How to open .SHX files on Mac

To open .SHX files on Mac, check that the matching .shp and .dbf exist next to the .shx with the same base name.

Step-by-step instructions

  1. Check that the matching .shp and .dbf exist next to the .shx with the same base name.
  2. Open the .shp in a shapefile-capable GIS tool (for example QGIS, or GDAL/OGR tools).

Common issues

Only opening the .shx shows nothing (or errors)

The .shx is an index, not a standalone dataset; most software expects you to open the shapefile layer via the .shp and will read the .shx automatically.

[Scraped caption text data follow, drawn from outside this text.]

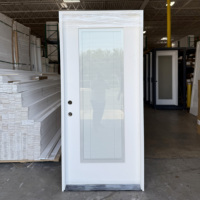Porte extérieure en fibre de verre composite, couleur blanche, à panneau unique, hauteur 80'', avec verre dépoli et insert à persiennes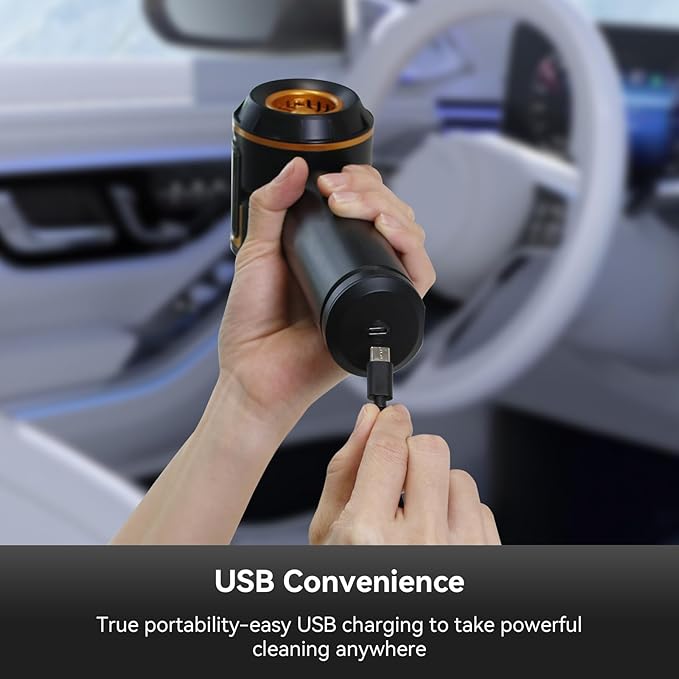 HRYCF Car Vacuum with LED Digital Display,20000PA Advanced Clean Cordless Handheld Vacuum, 4-in-1 High Power Portable Rechargeable Vacuum Cleaner with Brushless Motor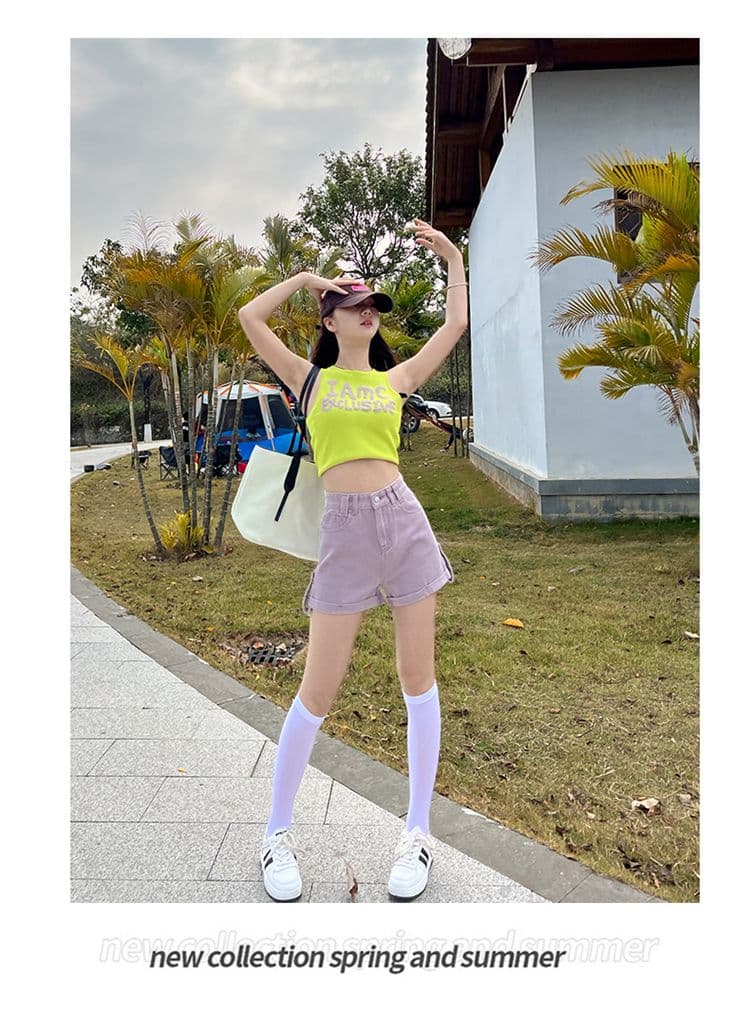새로운 볼륨 측면 데님 반바지 여성 여름 새로운 캐주얼 연령 감소 핫 바지 하이웨이스트 슬림해 보이는 넓은 다리가 짧다. 바지 상세 이미지 25
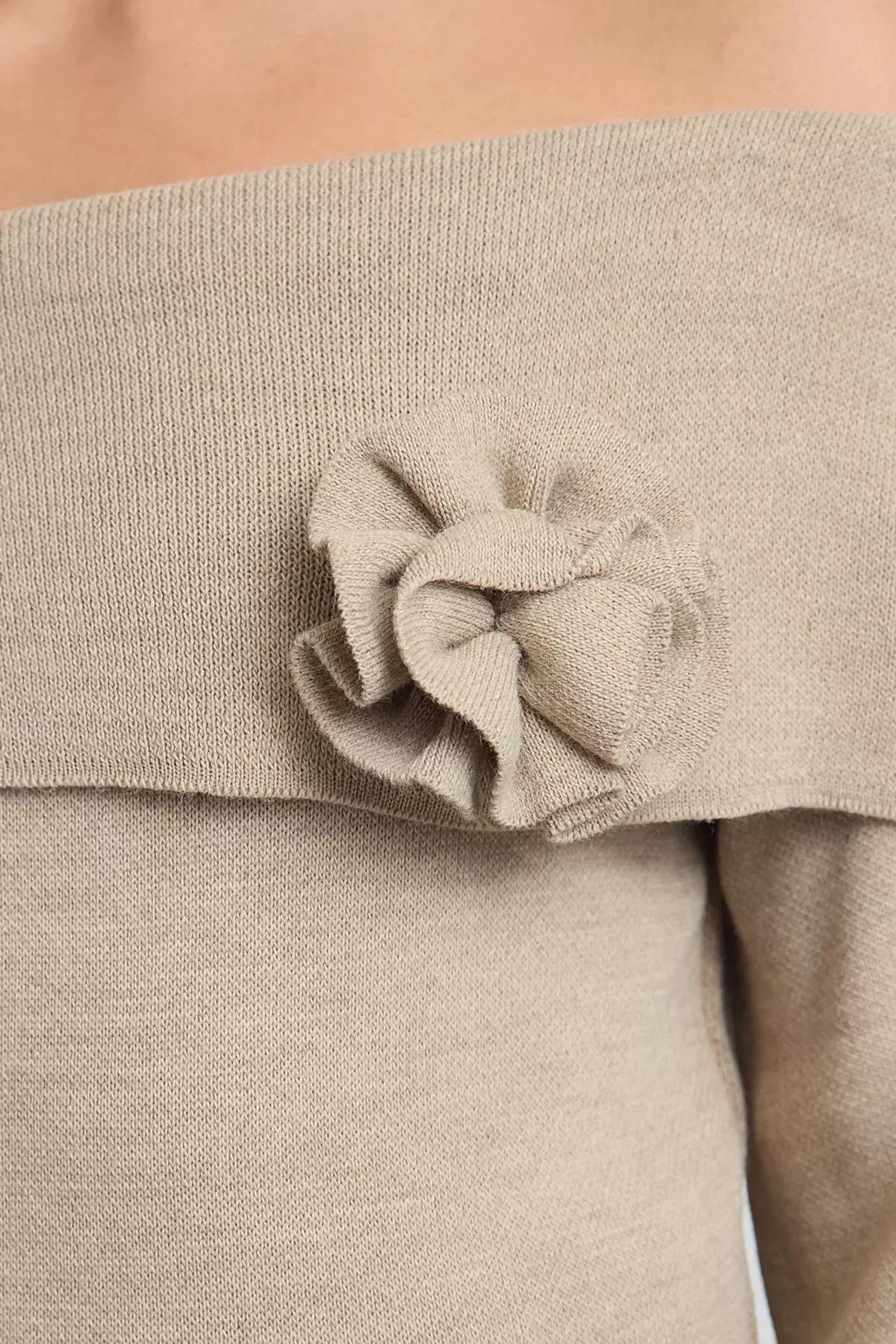 Red Detailed Knitted Sweater, Mink, large image number 3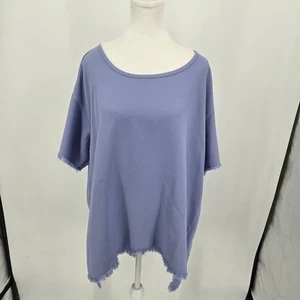 Soft Surroundings Raw Hem Popover Top Blouse Purple Women's Size 1X NEW - Picture 1 of 10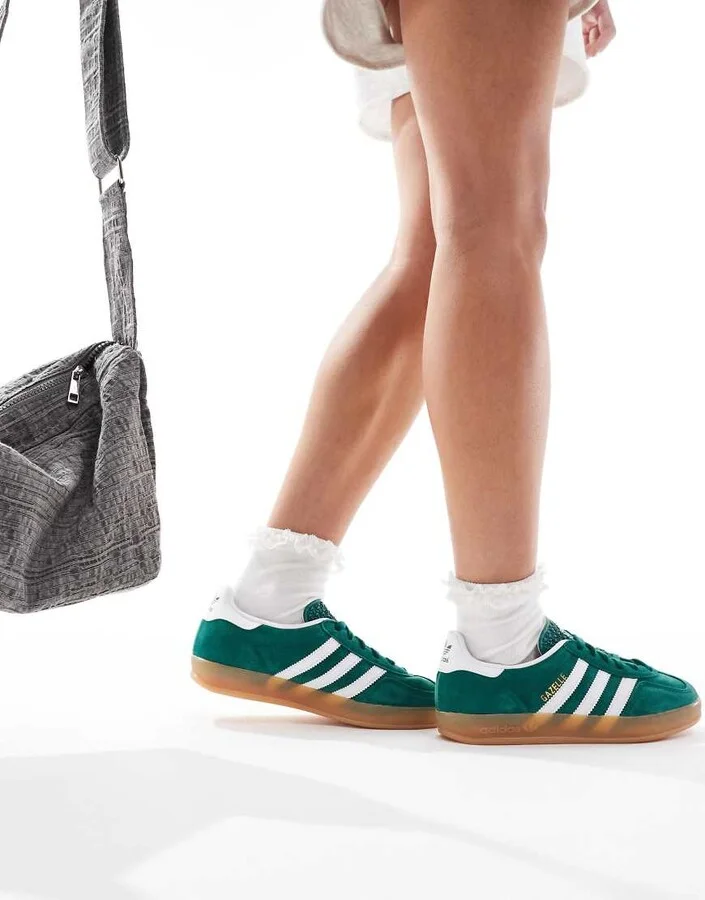 adidas Originals Gazelle Indoor sneakers in green and white - Image 4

  1. Make sure the matching .shp and .dbf exist in the same folder and share the same base name.
  2. Open/load the .shp (not the .shx) in your GIS software.

Shapefile won’t load because the set is incomplete

Shapefiles are multi-file datasets and commonly require the core components .shp, .shx, and .dbf; missing one can prevent loading or uploading/downloading in GIS systems.

  1. Re-download or re-export the data ensuring the .shp, .shx, and .dbf are included together.
  2. Keep all three files in the same directory with identical base names (e.g., roads.shp/roads.shx/roads.dbf).

.shx appears to be a CAD SHX (AutoCAD shapes/fonts), not GIS

.shx is also used by AutoCAD for compiled shapes/fonts (compiled from SHP shape definition files). A CAD SHX won’t behave like a shapefile index and won’t load as GIS data.

  1. Look for context: if there is no matching .shp/.dbf, or the file came with AutoCAD fonts/shapes, treat it as an AutoCAD SHX file.
  2. Open/use it within the relevant CAD workflow instead of a GIS shapefile reader.

Security note

A .shx is typically parsed by GIS/CAD software as structured binary data; avoid opening shapefile components from untrusted sources in sensitive environments because bugs in file parsers can be exploited even when files are “just data”.